[Python-Dev] Usage of the multiprocessing API and object lifetime

Antoine Pitrou solipsis at pitrou.net
Tue Dec 11 10:10:51 EST 2018


Hi,

On Tue, 11 Dec 2018 15:21:31 +0100
Victor Stinner <vstinner at redhat.com> wrote:
> 
> Pablo's issue35378 evolved to add a weak reference in iterators to try
> to detect when the Pool is destroyed: raise an exception from the
> iterator, if possible.

That's an ok fix for me.

> By the way, I'm surprised that "with pool:" doesn't release all
> resources.

That's not a problem, as long as the destructor _does_ release
resources.

> From a technical point of view, I would prefer to become stricter.
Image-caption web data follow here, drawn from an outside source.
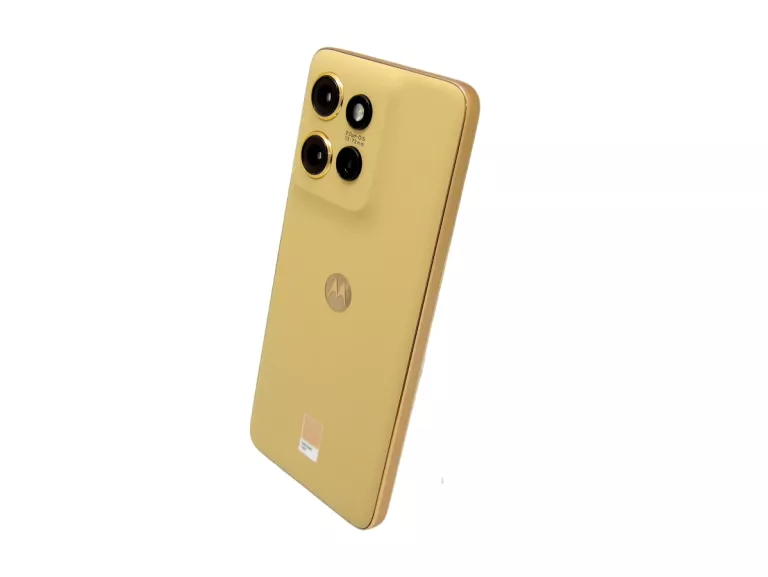 MOTOROLA EDGE 50 NEO 5G ( PANTONE LATTE ) 12/512 GB  ZESTAW  BDB STAN!!
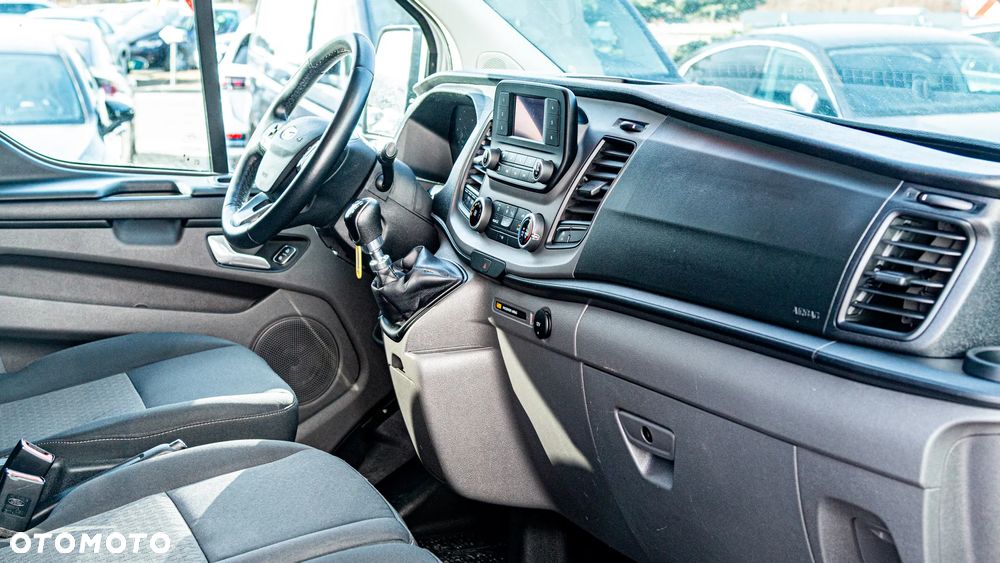 Ford Transit Custom 320 L2H1 Trend (bryg.) - 11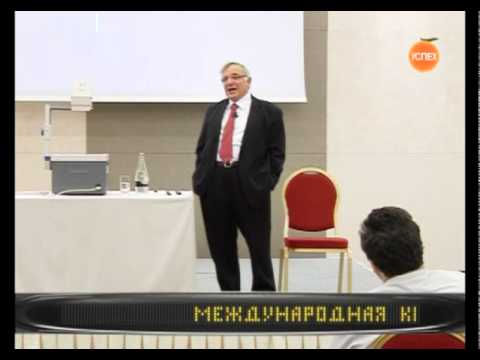 Видео: И. Адизес: PAEI  - код эффективного менеджмента. 123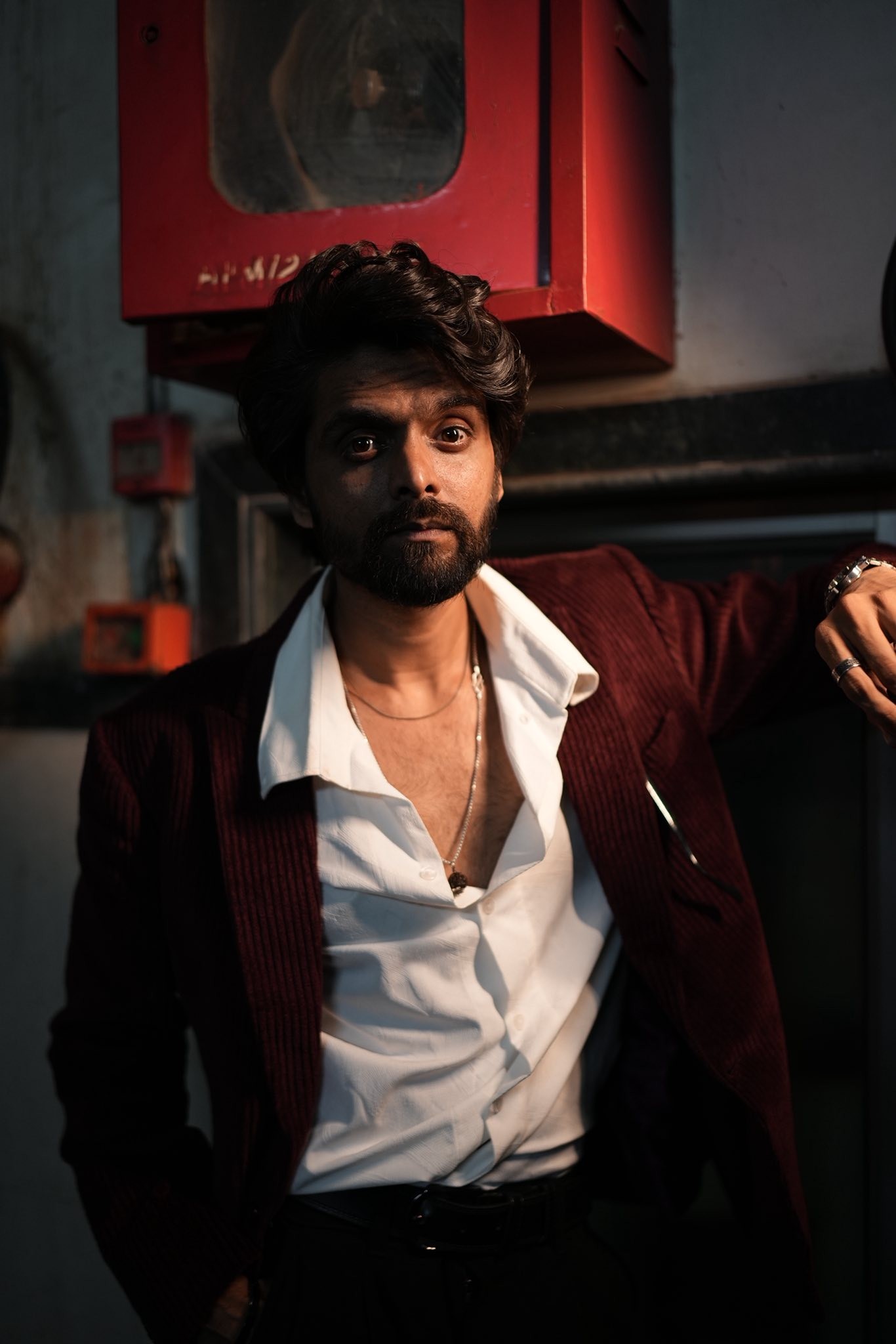 Script · Rehearsal - Karan Joshi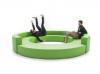 Espace Circulaire Lounge en Mousse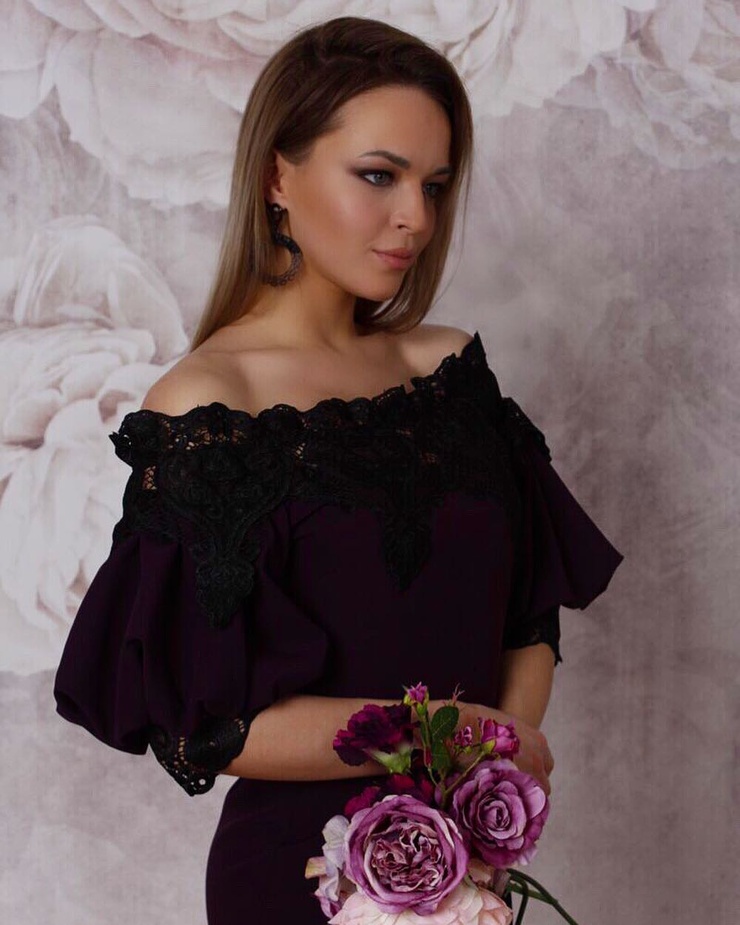 Kristina Zhaborovskaya Kristina Zhaborovskaya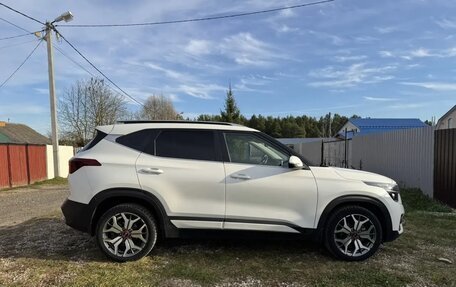 KIA Seltos I, 2020 год, 2 100 000 рублей, 4 фотография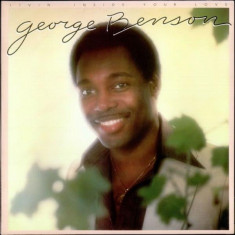 Vinil 2XLP George Benson – Livin' Inside Your Love (VG)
Using "with pool:" is fine, we shouldn't start raising a warning for it.

What you are proposing here starts to smell like an anti-pattern to
me.  Python _is_ a garbage-collected language, so by definition, there
_are_ going to be resources that are automatically collected when an
object disappears.  If I'm allocating a 2GB bytes object, then PyPy may
delay the deallocation much longer than CPython.  Do you propose we add
a release() method to bytes objects to avoid this issue (and emit a
warning for people who don't call release() on bytes objects)?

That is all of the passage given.